## Exercise:
Exactly as they appear, please output the lines from the one with "Держак для сварки, супер" through the end of the material, without pictures.

## Provided material:
──────────

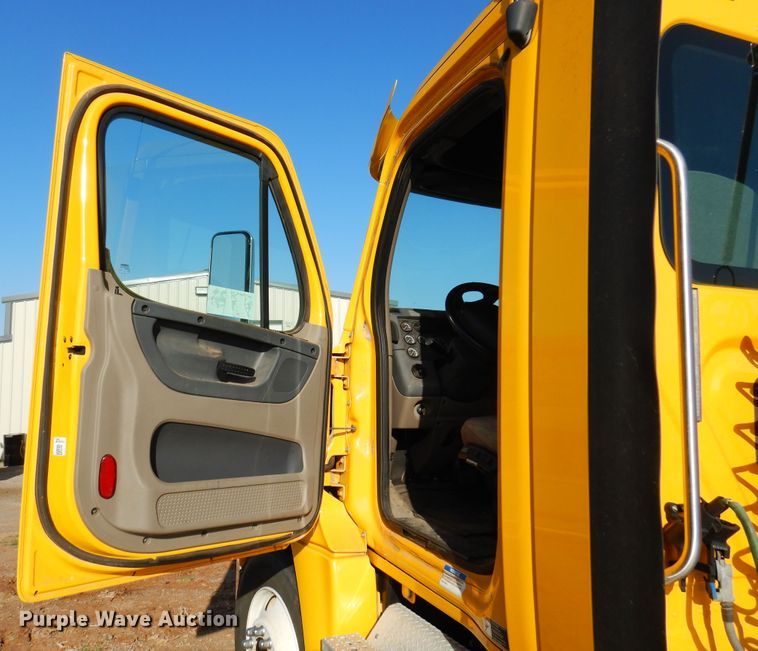 image for item DN0288 2012 Freightliner Cascadia 125  semi truck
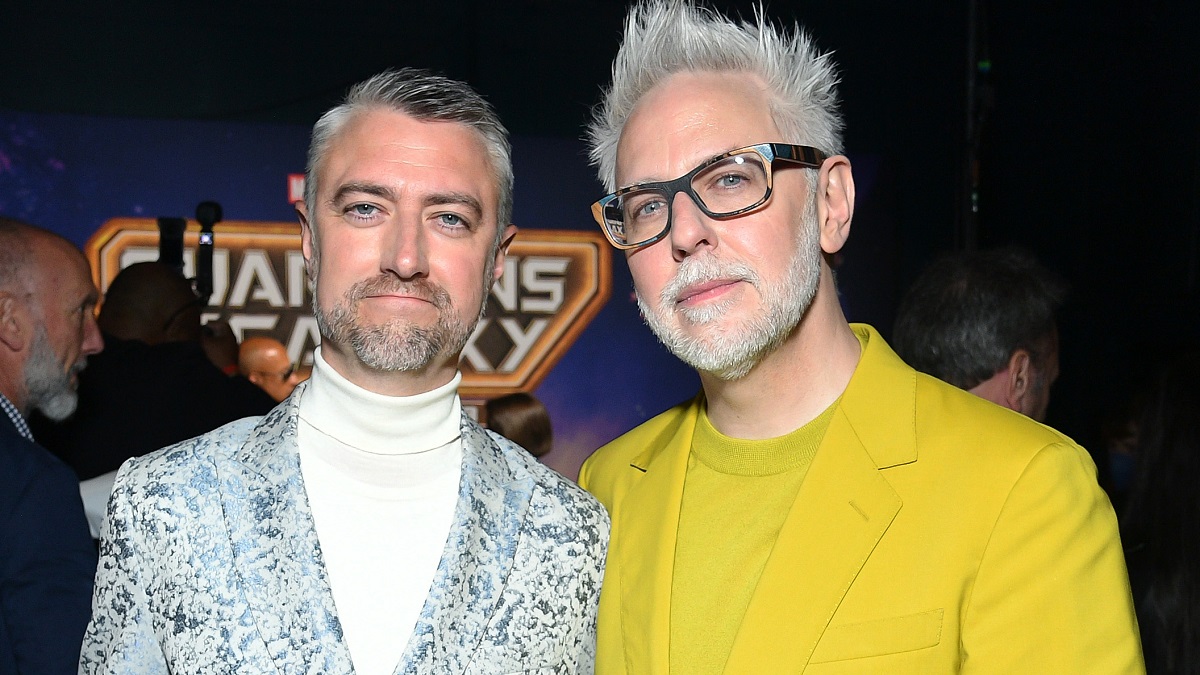 Sean Gunn Passively Acknowledges Speculation That He Avoids Criticizing WB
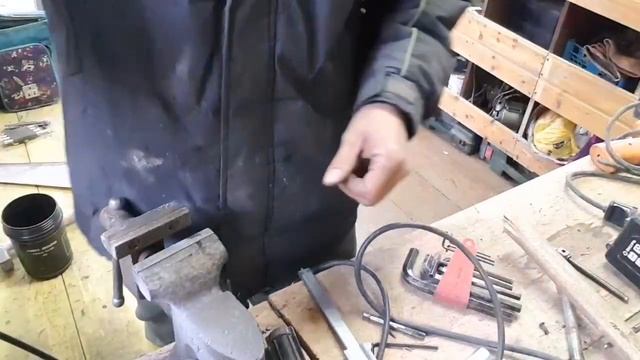 Держак для сварки, супер вариант из мусора! смотреть онлайн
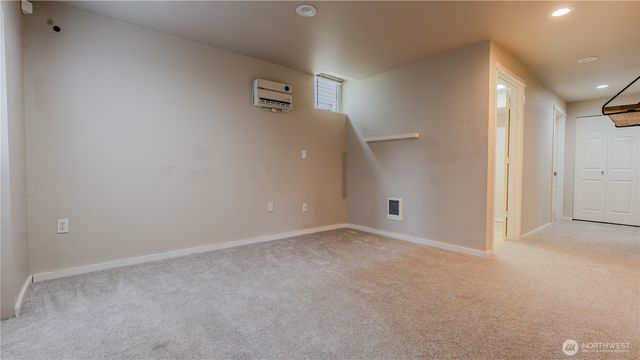 1421 S 45th, Tacoma, WA 98418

──────────

## Problem solution:
 Держак для сварки, супер вариант из мусора! смотреть онлайн
 1421 S 45th, Tacoma, WA 98418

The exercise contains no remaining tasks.